**What is being asked**: Once you reach the line containing "Mummy Makeover in Birmingham (1).jpg" in the data below, restate each line word for word up to and including the one containing "productImage-stickyATCHeader".

(Extracted entries)

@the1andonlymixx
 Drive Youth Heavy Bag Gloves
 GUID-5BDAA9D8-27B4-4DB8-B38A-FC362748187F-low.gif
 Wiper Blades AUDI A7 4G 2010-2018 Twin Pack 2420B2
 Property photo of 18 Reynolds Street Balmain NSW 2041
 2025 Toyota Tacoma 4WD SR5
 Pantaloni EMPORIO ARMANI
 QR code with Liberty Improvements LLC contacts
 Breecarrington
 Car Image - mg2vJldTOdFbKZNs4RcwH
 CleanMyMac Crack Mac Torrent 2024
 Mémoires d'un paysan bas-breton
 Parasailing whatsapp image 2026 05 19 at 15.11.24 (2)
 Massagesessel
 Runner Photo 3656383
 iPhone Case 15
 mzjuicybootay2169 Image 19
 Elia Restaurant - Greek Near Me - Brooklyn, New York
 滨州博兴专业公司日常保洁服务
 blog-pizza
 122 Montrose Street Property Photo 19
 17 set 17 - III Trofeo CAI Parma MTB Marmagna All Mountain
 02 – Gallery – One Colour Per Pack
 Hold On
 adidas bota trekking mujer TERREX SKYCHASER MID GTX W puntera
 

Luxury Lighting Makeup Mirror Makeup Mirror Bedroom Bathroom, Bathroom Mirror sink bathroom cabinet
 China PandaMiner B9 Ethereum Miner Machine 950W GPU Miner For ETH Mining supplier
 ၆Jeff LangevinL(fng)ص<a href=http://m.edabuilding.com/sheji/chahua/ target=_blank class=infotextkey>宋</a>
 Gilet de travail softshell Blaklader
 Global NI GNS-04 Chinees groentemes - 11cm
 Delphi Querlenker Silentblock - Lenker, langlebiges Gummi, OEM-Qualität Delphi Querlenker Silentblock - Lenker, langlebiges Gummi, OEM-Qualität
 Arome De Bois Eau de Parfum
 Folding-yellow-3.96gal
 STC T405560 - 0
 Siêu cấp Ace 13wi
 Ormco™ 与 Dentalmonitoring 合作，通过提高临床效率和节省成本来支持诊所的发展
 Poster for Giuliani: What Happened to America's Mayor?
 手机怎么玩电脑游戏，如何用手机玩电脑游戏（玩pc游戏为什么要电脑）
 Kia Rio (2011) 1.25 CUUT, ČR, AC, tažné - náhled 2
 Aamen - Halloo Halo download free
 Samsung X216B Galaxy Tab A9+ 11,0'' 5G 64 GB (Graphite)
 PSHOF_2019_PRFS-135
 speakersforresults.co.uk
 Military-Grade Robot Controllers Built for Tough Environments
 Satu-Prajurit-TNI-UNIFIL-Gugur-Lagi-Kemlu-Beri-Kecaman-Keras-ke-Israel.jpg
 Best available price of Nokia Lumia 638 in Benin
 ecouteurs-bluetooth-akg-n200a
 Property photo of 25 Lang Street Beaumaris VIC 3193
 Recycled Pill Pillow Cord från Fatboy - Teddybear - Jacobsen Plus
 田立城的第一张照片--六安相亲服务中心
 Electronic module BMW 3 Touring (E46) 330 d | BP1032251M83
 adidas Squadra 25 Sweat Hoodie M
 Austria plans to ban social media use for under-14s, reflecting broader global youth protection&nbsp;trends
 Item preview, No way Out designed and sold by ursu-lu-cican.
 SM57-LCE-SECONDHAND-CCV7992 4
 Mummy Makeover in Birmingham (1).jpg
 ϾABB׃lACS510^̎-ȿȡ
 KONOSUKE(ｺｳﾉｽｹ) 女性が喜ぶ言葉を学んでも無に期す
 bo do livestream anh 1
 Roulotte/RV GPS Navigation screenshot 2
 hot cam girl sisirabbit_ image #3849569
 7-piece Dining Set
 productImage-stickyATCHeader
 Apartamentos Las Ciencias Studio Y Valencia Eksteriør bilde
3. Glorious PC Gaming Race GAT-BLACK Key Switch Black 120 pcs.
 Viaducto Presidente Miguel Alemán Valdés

(End Extracted entries)

**Task answer**:
 Mummy Makeover in Birmingham (1).jpg
 ϾABB׃lACS510^̎-ȿȡ
 KONOSUKE(ｺｳﾉｽｹ) 女性が喜ぶ言葉を学んでも無に期す
 bo do livestream anh 1
 Roulotte/RV GPS Navigation screenshot 2
 hot cam girl sisirabbit_ image #3849569
 7-piece Dining Set
 productImage-stickyATCHeader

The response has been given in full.